Inhibition of PAR-2 activation by a novel PAR-2 antagonist (GB88) ameliorated disease activity in rodent models of arthritis and colitis [24, 25], suggesting that antagonism of PAR-2 protects against several inflammatory diseases. Furthermore, treatment with serine protease inhibitors, namely nafamostat mesilate and camostat mesilate, improved clinical and histological findings in mice with TNBS-induced colitis and human patients with IBD [17, 43, 50]. In this study, the fecal serine protease activity correlated positively and significantly with the clinical severity of IBD in affected dogs. Moreover, a serine protease inhibitor blocked trypsin-induced cytokine up-regulation in ex vivo-stimulated tissues. These findings suggest that blockade of the luminal protease−PAR-2 pathway by serine protease inhibitors may be an effective approach to treating canine IBD.

This study may be limited by the potential bias introduced by the different dog breeds represented in each group. As it was impossible to obtain normal duodenal samples that were breed-matched to the clinical cases, all healthy control dogs were of the same breed (Beagle). More extensive studies will be required to investigate breed differences in PAR-2 expression and fecal serine protease activity.

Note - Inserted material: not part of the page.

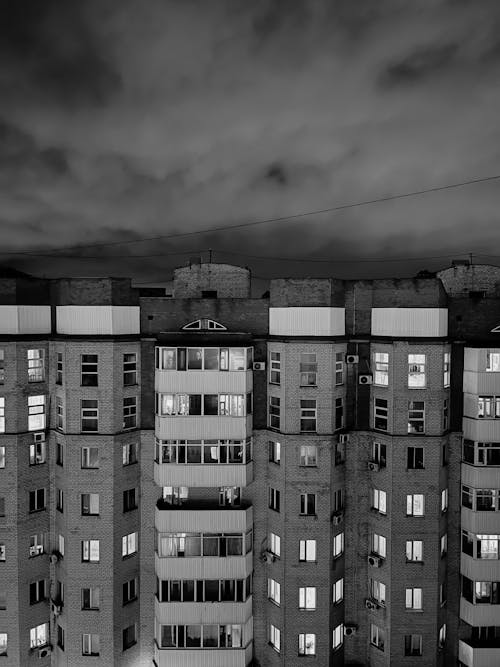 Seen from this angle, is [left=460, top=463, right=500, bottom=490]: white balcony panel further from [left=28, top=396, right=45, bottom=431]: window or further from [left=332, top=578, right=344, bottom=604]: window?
[left=28, top=396, right=45, bottom=431]: window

In summary, we have demonstrated that PAR-2 activation induces mRNA expression of IL-1β, IL-8, MEC and fractalkine in canine intestine. We also show that the duodenal PAR-2 expression and fecal serine protease activity are increased in dogs with IBD compared to healthy dogs. Serine protease−PAR-2 pathway may mediate intestinal inflammation in canine IBD through cytokine and chemokine production.